Development of Multivariable Models to Predict and Benchmark Transfusion in Elective Surgery Supporting Patient Blood Management.
Appl Clin Inform. 2017 Jun 14;8(2):617-631
Authors: Hayn D, Kreiner K, Ebner H, Kastner P, Breznik N, Rzepka A, Hofmann A, Gombotz H, Schreier G
BACKGROUND: Blood transfusion is a highly prevalent procedure in hospitalized patients and in some clinical scenarios it has lifesaving potential. However, in most cases transfusion is administered to hemodynamically stable patients with no benefit, but increased odds of adverse patient outcomes and substantial direct and indirect cost. Therefore, the concept of Patient Blood Management has increasingly gained importance to pre-empt and reduce transfusion and to identify the optimal transfusion volume for an individual patient when transfusion is indicated.
OBJECTIVES: It was our aim to describe, how predictive modeling and machine learning tools applied on pre-operative data can be used to predict the amount of red blood cells to be transfused during surgery and to prospectively optimize blood ordering schedules. In addition, the data derived from the predictive models should be used to benchmark different hospitals concerning their blood transfusion patterns.

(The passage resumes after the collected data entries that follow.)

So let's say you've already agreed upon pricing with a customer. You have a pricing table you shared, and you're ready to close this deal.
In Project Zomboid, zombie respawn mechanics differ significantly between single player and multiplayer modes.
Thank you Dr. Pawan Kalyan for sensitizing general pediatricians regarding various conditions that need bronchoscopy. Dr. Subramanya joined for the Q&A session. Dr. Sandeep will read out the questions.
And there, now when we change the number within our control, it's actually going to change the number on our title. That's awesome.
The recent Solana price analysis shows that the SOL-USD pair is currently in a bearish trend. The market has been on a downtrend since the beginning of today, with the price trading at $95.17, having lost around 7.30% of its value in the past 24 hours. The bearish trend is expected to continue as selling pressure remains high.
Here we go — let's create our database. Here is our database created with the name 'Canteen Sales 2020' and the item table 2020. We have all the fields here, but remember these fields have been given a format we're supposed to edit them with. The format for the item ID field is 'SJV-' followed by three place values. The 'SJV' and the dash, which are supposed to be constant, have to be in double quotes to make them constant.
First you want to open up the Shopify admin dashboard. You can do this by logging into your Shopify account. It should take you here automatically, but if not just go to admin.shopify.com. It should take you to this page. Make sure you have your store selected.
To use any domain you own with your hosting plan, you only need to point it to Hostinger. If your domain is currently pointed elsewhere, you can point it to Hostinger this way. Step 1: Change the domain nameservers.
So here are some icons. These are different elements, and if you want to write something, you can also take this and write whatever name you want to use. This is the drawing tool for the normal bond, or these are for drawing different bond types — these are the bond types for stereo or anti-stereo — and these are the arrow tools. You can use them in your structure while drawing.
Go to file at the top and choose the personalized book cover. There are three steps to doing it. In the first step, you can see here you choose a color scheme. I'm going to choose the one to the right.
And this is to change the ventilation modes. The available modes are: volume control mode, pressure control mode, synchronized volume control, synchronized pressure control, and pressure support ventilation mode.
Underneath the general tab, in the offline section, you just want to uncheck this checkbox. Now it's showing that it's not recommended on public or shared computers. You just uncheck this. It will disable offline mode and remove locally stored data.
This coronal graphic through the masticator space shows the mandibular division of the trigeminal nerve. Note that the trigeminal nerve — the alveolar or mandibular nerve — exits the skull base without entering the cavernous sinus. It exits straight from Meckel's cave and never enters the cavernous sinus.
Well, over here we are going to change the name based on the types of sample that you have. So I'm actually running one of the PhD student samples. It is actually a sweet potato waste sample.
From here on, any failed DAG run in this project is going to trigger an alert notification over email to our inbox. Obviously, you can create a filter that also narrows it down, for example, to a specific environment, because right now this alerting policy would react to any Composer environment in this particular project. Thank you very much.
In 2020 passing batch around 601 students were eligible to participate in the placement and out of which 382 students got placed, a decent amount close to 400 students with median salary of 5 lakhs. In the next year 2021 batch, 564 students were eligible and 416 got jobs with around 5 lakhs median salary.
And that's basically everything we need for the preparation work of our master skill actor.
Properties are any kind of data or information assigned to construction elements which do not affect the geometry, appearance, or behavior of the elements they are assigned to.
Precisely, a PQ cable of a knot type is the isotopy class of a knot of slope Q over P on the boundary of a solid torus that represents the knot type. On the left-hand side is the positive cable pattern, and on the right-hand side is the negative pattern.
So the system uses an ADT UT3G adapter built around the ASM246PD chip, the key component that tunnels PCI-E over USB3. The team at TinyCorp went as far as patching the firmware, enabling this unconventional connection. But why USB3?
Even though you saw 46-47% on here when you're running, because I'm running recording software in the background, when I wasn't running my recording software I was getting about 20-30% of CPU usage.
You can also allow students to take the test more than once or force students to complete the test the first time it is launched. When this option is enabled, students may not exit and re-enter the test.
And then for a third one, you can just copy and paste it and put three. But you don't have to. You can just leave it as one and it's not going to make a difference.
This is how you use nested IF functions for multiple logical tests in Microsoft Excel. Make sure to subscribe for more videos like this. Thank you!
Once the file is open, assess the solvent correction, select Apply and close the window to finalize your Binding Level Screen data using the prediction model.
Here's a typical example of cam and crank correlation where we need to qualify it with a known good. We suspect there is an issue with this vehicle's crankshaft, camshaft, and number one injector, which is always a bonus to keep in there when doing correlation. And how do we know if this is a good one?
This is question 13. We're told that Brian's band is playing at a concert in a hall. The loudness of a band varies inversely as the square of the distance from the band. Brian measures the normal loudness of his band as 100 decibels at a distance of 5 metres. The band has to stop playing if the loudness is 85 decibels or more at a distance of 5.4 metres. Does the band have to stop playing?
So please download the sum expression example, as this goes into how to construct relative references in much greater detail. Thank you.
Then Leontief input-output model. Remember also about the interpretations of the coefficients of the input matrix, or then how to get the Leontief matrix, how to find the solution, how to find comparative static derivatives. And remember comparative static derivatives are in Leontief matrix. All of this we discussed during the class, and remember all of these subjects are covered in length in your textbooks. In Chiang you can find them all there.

METHODS: 6,530 case records obtained for elective surgeries from 16 centers taking part in two studies conducted in 2004-2005 and 2009-2010 were analyzed. Transfused red blood cell volume was predicted using random forests. Separate models were trained for overall data, for each center and for each of the two studies. Important characteristics of different models were compared with one another.
RESULTS: Our results indicate that predictive modeling applied prior surgery can predict the transfused volume of red blood cells more accurately (correlation coefficient cc = 0.61) than state of the art algorithms (cc = 0.39). We found significantly different patterns of feature importance a) in different hospitals and b) between study 1 and study 2.
CONCLUSION: We conclude that predictive modeling can be used to benchmark the importance of different features on the models derived with data from different hospitals. This might help to optimize crucial processes in a specific hospital, even in other scenarios beyond Patient Blood Management.